- North American cover art
- Developer: Bit2
- Publishers: WW: Data East; JP: I'Max;
- Platform: Game Boy
- Release: JP: December 13, 1990; NA: April 1992; EU: 1992;
- Genre: Puzzle
- Modes: Single-player, multiplayer

= Nail 'n' Scale =

1990 video game

Nail 'n' Scale, known as Dragon Tail (ドラゴンテール) in Japan, is a puzzle video game for the Game Boy. A combination of the video game Jump'n Run and various puzzle games, it has a fast-paced side-scrolling gameplay.

== Gameplay ==

Spike using a vertical nail shot

In Nail 'n' Scale, the player controls Spike, a skilled climber. The player works the way through levels of heightening difficulty. In each level, the player uses climbing spikes to navigate through the level to the door at the end of each level. The climbing spikes are also used to break bricks that block the path. There are 51 levels in all, with a boss on every tenth level.

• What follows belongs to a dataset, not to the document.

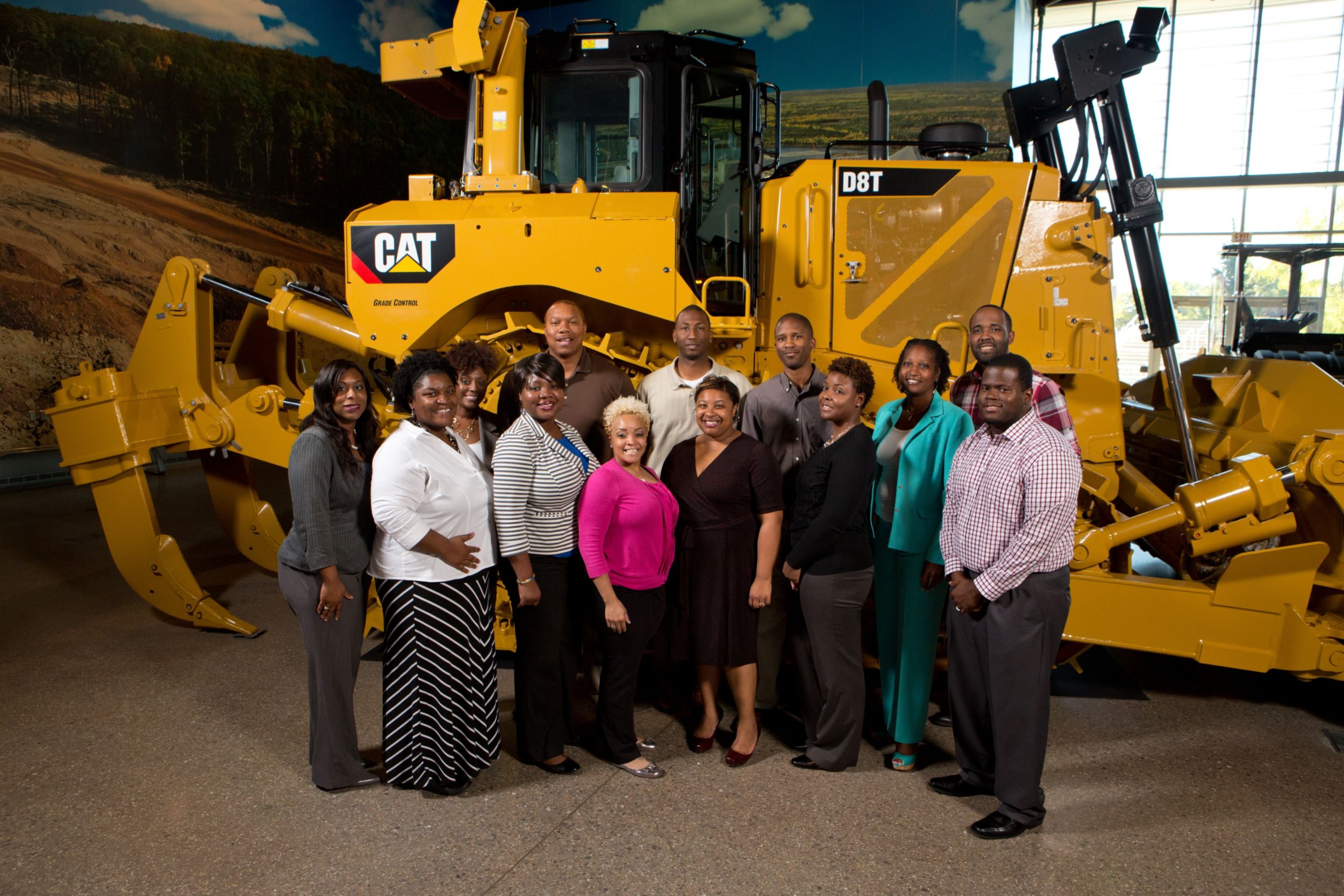 Caterpillar African American Network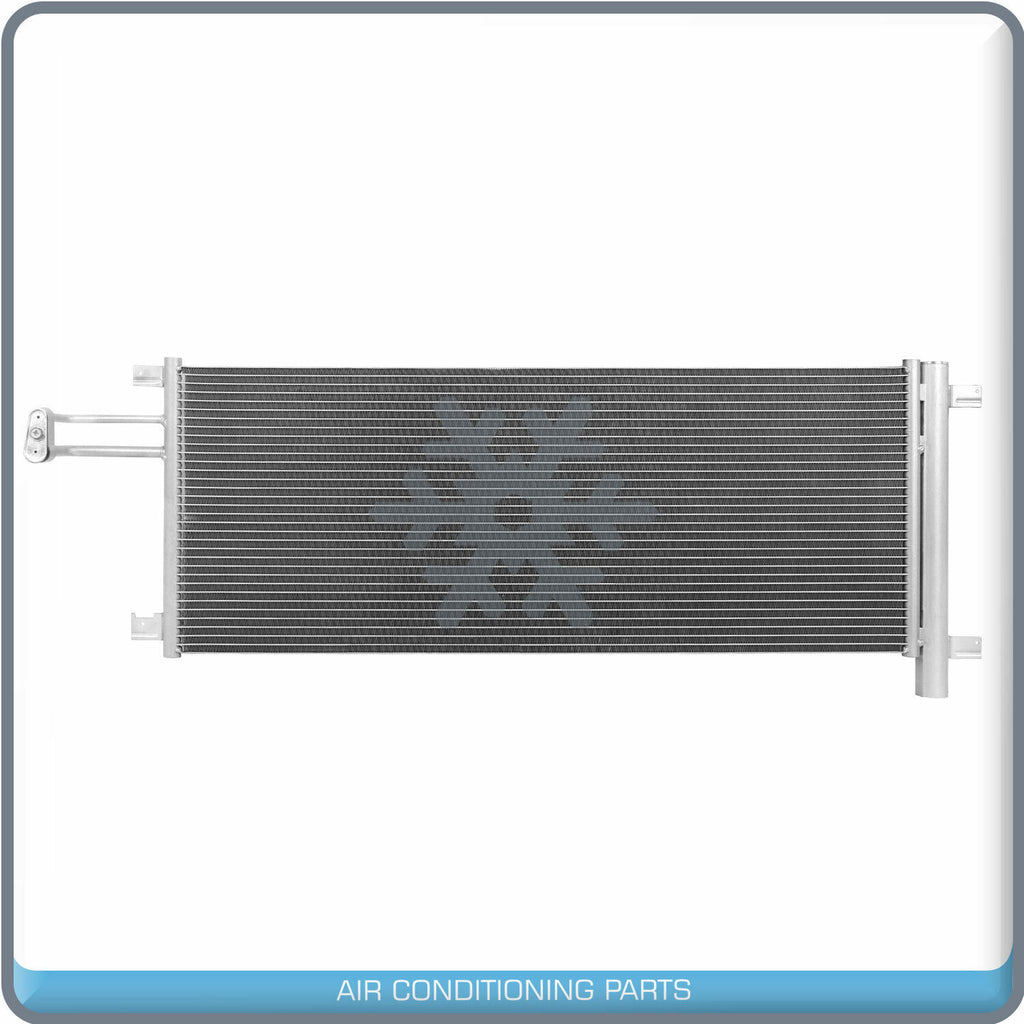 A/C Condenser for Chevrolet Silverado 1500 / GMC Sierra 1500 QL - Qualy Air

Each boss has his own unique weakness that must be exposed by the player before he can be defeated. While the first boss is not very intimidating, each subsequent one becomes more frightening. Terrifying monsters can be defeated by firing the nail in either a horizontal or a vertical direction. Players can be killed by their own exploding spikes, acquired throughout levels after the first boss. There are several exits on some levels, but only one functions. Only the "true" exit permits access to the next level.

The final boss of the video game is an evil dragon named Lore, who lives in his dragon's lair. Players can continue from where they left off after a "game over", providing that they never turn off their Game Boy.

===Special items===
Magical door: Completes the level regardless of the player's location.

White spike: A spike that will not break the brick when jumped on.

Exploding spike: A spike that explodes after a short period of time, destroying the brick it is fired into, provided that the block could be broken normally.

==Reception==
AllGame rated the game 3 stars out of 5. The gaming magazine Power Play gave it a 61% rating in its March 1991 issue.